§ **Task goal**
Skip pictures in the listing below; copy exactly the lines from the one with "Чехол iPhone XS" through the one with "The Kitsch Bitsch", inclusive.

§ **Input for this task**
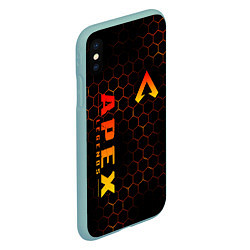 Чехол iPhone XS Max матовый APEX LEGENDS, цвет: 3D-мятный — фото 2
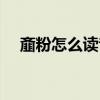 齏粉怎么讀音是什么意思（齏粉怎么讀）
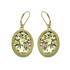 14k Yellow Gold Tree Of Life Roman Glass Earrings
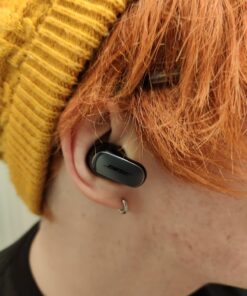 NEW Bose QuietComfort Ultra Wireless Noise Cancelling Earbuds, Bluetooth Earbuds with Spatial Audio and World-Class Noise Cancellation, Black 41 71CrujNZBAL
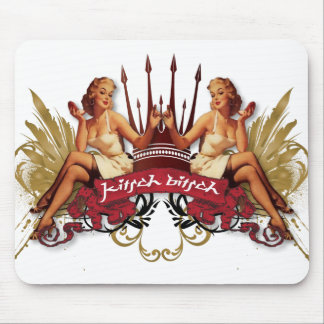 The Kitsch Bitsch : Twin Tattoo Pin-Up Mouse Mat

--

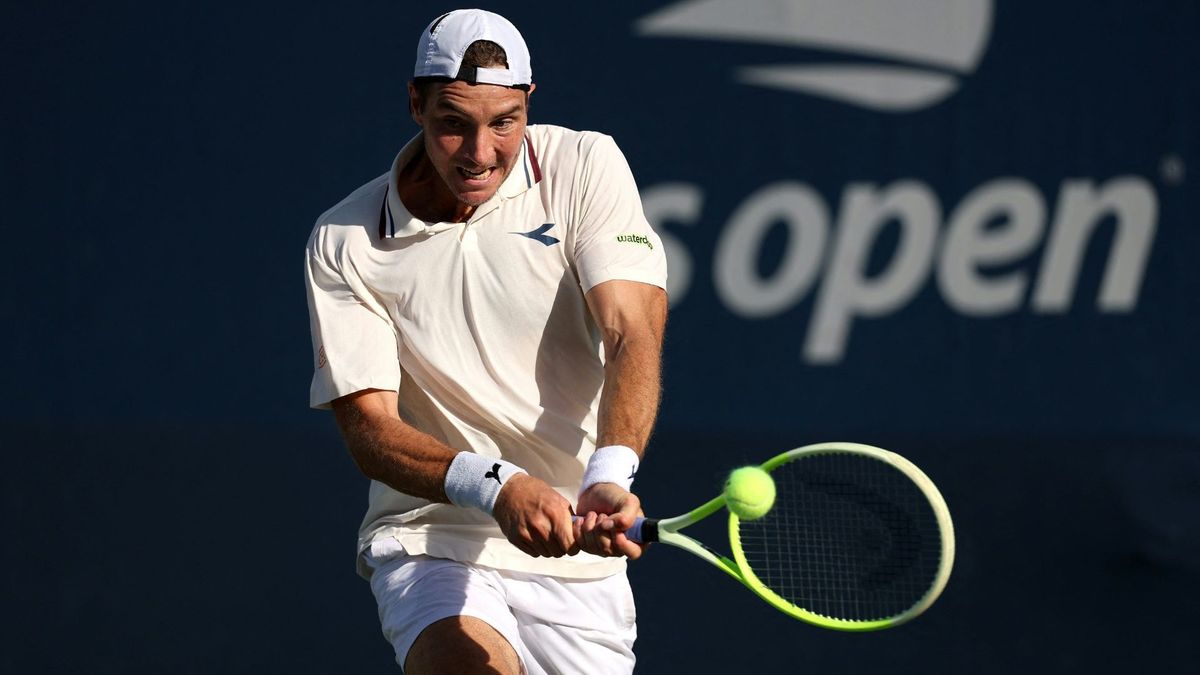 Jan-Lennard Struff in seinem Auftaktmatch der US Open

§ **Solution for this task**
 Чехол iPhone XS Max матовый APEX LEGENDS, цвет: 3D-мятный — фото 2
 齏粉怎么讀音是什么意思（齏粉怎么讀）
 14k Yellow Gold Tree Of Life Roman Glass Earrings
 NEW Bose QuietComfort Ultra Wireless Noise Cancelling Earbuds, Bluetooth Earbuds with Spatial Audio and World-Class Noise Cancellation, Black 41 71CrujNZBAL
 The Kitsch Bitsch : Twin Tattoo Pin-Up Mouse Mat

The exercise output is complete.